Most strategies die when they encounter the human nature that the employees, managers, and shareholders exhibit.  Change is never welcome, and ownership of product, market segment, or bureaucratic kingdom position are defended by those who perceive that they are the owner.  Innovation and change are threats to the status that people have obtained.  That threat is felt from the level of responsibility of the senior executive in the scope of the business, products, and marketplace to the level of responsibility of the clerical assistant concerning the processes and tasks that are the majority of their assignment and most of their daily work.  Change and innovation are always threatening.

As I have reviewed all of these materials on the "open" and "free" movements I have been struck by some thoughts these past two days.  We are wrestling with innovation initiatives in my current organization and we have had meetings, visits from outside consultants, and spent countless hours considering the changes that we might make to nurture more innovation.  We have failed to make great progress in anything other than talking about it.  Taking something from the theoretical (where everyone wants to talk about it) to the tangible implementation (where no one wants to DO IT) is the pattern that we see.  As Dr. Wiley highlights in his presentation on open educational resources (http://www.youtube.com/watch?feature=player_embedded&v=Rb0syrgsH6M) policy protects the status quo.  Most policies in any organization, at any level, are largely designed to preserve things as they are because that is what they were meant to be.  Violating or changing policies changes the design of the thing to make it something else.

I have considered the patterns that I have encountered in nearly every place I have worked that have stifled innovation.  These last three weeks have given a voice to my analysis and synthesis of these observations.  The emergence of an open approach to improving things (software, education, etc.) that allows a larger community of developers to view and suggest improvement in the "thing" that is yours is the shortest, and likely the most successful, path to improving and innovating and making your "thing" better.  Too many managers become territorial and possessive of the thing that is theirs to manage.  Defensiveness and protection (copyright?) where change and improvement must be theirs to consider, design, and implement is a standard practice.  Their livelihood could be negatively impacted if they give control to someone else by seeking or (heaven forbid) implementing someone elses' idea about our "thing."
An open approach, where we seek the input from others, seems to be the best approach to making things better.  All that we have read and watched these last three weeks has caused me to believe that truly successful and timely innovation must be from openness and collaboration.  I am convinced that the impending threat and fear that openness brings to the creators (or the "owners") of things is that they will lose their specialness related to these things.  In our modern times it is that specialness that we believe put the food on the table and the roof over the head.  Everything that is uniquely mine to own and maintain, mine to control, is mine to exploit and to provide the necessities that will keep me secure.  

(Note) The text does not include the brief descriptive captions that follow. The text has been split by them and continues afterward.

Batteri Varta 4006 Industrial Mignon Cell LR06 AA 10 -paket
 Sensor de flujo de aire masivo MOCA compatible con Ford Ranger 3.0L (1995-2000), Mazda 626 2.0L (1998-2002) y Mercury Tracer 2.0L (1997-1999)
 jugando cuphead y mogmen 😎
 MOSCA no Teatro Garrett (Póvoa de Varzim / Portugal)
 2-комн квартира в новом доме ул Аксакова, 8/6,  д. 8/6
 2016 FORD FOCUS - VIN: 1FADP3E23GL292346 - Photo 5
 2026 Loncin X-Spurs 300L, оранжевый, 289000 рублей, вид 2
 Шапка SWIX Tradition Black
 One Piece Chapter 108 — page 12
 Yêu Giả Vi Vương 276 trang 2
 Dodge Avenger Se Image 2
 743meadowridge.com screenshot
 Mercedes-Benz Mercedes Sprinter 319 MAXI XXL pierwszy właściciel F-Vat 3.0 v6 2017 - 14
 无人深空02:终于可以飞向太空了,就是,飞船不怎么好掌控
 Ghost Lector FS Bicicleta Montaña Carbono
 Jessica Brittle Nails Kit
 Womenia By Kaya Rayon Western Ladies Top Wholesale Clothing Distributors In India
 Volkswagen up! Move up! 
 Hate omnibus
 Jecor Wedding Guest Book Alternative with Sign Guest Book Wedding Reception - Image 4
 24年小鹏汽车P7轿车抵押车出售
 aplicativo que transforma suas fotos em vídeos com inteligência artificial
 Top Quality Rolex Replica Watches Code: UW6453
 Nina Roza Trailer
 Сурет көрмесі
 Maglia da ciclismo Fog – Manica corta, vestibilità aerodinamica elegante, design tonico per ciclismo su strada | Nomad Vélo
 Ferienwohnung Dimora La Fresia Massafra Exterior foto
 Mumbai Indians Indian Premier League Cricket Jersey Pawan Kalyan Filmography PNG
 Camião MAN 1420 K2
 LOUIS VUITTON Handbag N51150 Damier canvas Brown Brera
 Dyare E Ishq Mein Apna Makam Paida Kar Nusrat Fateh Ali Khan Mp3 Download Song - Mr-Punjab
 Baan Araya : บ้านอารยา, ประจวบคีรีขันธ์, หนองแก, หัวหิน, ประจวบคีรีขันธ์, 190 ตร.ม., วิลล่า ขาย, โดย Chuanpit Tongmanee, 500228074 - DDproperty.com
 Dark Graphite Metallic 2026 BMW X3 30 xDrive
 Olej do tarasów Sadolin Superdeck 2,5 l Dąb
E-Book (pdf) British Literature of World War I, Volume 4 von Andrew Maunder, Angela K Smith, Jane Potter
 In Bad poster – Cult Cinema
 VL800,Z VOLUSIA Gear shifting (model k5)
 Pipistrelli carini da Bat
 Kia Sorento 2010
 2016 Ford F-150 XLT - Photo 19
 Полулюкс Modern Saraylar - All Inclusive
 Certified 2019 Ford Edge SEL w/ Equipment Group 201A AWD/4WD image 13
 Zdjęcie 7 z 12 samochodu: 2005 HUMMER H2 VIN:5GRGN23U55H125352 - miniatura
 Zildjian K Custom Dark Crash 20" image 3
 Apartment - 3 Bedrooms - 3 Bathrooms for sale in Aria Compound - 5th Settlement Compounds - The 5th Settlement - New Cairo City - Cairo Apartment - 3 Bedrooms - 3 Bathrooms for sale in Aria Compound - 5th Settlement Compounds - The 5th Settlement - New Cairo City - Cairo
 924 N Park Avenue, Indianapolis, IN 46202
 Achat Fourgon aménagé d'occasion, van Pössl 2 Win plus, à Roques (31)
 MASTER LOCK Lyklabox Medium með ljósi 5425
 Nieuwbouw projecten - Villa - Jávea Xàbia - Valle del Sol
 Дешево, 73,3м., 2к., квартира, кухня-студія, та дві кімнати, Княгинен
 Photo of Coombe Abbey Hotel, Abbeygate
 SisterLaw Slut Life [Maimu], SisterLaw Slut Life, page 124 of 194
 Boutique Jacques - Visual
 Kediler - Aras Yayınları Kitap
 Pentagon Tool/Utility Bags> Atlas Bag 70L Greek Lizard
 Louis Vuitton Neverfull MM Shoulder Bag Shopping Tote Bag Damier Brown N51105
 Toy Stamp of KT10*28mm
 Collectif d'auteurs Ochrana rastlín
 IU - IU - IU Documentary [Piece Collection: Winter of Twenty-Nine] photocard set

This is true not just of the creative works that we have been talking about in the oer class, but it is also true of the products we design, manufacture, and sell.  It is true of our positions in organization and the work that we do in those organizations.  It is true of our community and the position we hold in that community.  The more input or control we extend to others, the less special we are the greater the threat to our security.  That is the human nature that I believe plays into concerns about openness.  That is also the human nature that kills many of the greatest creative and innovative endeavors in the cradle, particularly if we are not it's parent.  Eastman Kodak invented digital camera technology in the 1970s, but they had the reputation for the best film.  What to do?

A community that shares with a common goal of improving the community will be the most innovative.  Such a community will only endure and thrive if that community is more concerned that the innovation needed is for the good of the community rather than the good needed for themselves.  Our survival instinct is very powerful.  Our ability to do something that makes us different than others seems to imbue us with a stronger feeling of a position of power.  If there is something vitally different and special about us then that makes our survival more critical than that of others.  If we lose that specialness, then we have no greater claim to power and survivability.  We become just like everyone else.  And at least in our human natures that seems to be threatening.  It is just safer to stay where we are and protect what we have then to try something new, even if there is greater benefit to all of us in doing so.  And particularly if it was someone else's idea.

Do we call it Linux?  Or is it GNU/Linux?  Perhaps it depends on who needs to retain that sense of "specialness."

1 comment:

  1. You probably know the saying, "There's no limit to the amount of good we can accomplish when we don't care who gets the credit." I know this isn't the exact point you're making, but it is definitely related. A large part of that feeling of "specialness" is getting patted on the back for what you've done - and those pats reassure us that our jobs are secure.

    It's probably true that the people who have the easiest time being open are those who already feel most secure. Is that good or bad?